Publication information
- Publisher: DC Comics
- First appearance: Green Lantern (vol. 3) #22 (March 1992)
- Created by: Gerard Jones (writer) Pat Broderick (artist)

In-story information
- Full name: Kreon
- Species: Teban
- Place of origin: Tebis
- Team affiliations: Green Lantern Corps Black Lantern Corps
- Abilities: Green and Black Lantern power rings

= Kreon =

Kreon is a fictional character featured in comic books published by DC Comics, primarily in association with the Green Lantern Corps. He first appeared in Green Lantern (vol. 3) #22 (March 1992).

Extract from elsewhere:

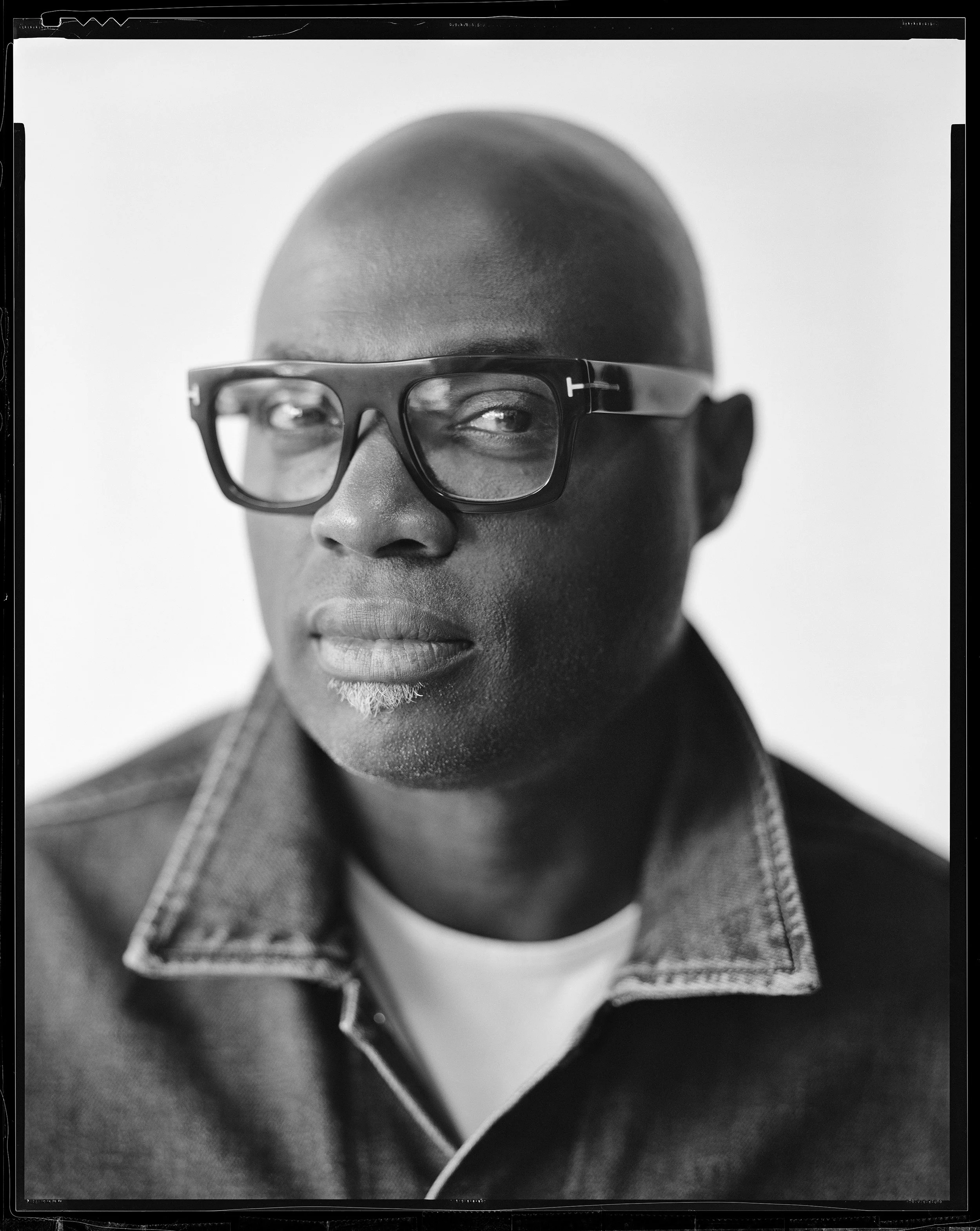 Alston_8x10_Kenny Gravillis_ManInGlasses_Drumscan_v1_3500px.jpg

==Fictional character biography==
A Teban warlord, General Kreon sought to end wars on Tebis rather than start them. He had seen the horrors of war and previously lost an eye and an arm in his service to the military. His beliefs about war were in complete contrast to that of his species, who generally glorify war and the domination of other species.

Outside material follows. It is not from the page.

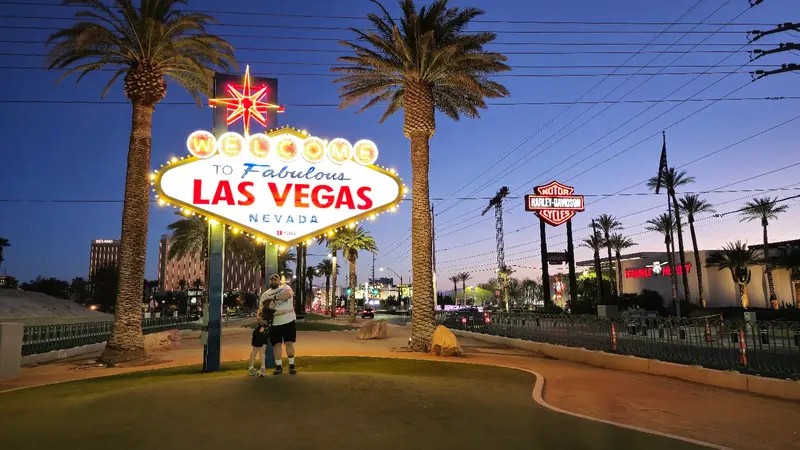 Welcome to Fabulous Las Vegas Sign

Seeking to end his race's bloodlust and to end the wars for good, Kreon recruits Star Sapphire from a local thug named Flicker. However, Star Sapphire is unable to be controlled and kills over a dozen men before being subdued. Shunned by his fellow Chieftains because of his lack of strength and the destruction his failed plan had wrought, Kreon attracts the eye of Hal Jordan. Impressed and seeing his potential, Jordan recruits Kreon into the Green Lantern Corps.

When Hal introduces Kreon to the Corps, he is taken in by Kilowog, who trains him along with his fellow Lanterns. Among his fellow rookies, Kreon has a particular dislike for Boodikka, who he sees as barbaric and lacking in discipline. Their disagreements with each other eventually endanger the protection of the Guardians.

Kilowog calls John Stewart to give Kreon and Boodikka a 'pep talk' on tolerance. When this fails, Guy Gardner uses his Power Ring to make the two confront manifestations of their fears. While Boodikka belittles Kreon for his inability to defeat his opponent, she is unable to defeat her own. Realizing that they finally need each other, the two switch opponents and come out victorious.

Hal Jordan and Guy Gardner later discover that Kreon and Boodikka have been captured by the Manhunters, along with the other Lost Lanterns. Kreon is mortally wounded while battling the Manhunters and dies in Boodikka's arms. His ring, upon his death, chooses Boodikka as his successor.

During the Blackest Night event, Kreon is one of the many fallen Lanterns who are resurrected to join the Black Lantern Corps.

== In other media ==
Kreon appears as a character summon in Scribblenauts Unmasked: A DC Comics Adventure.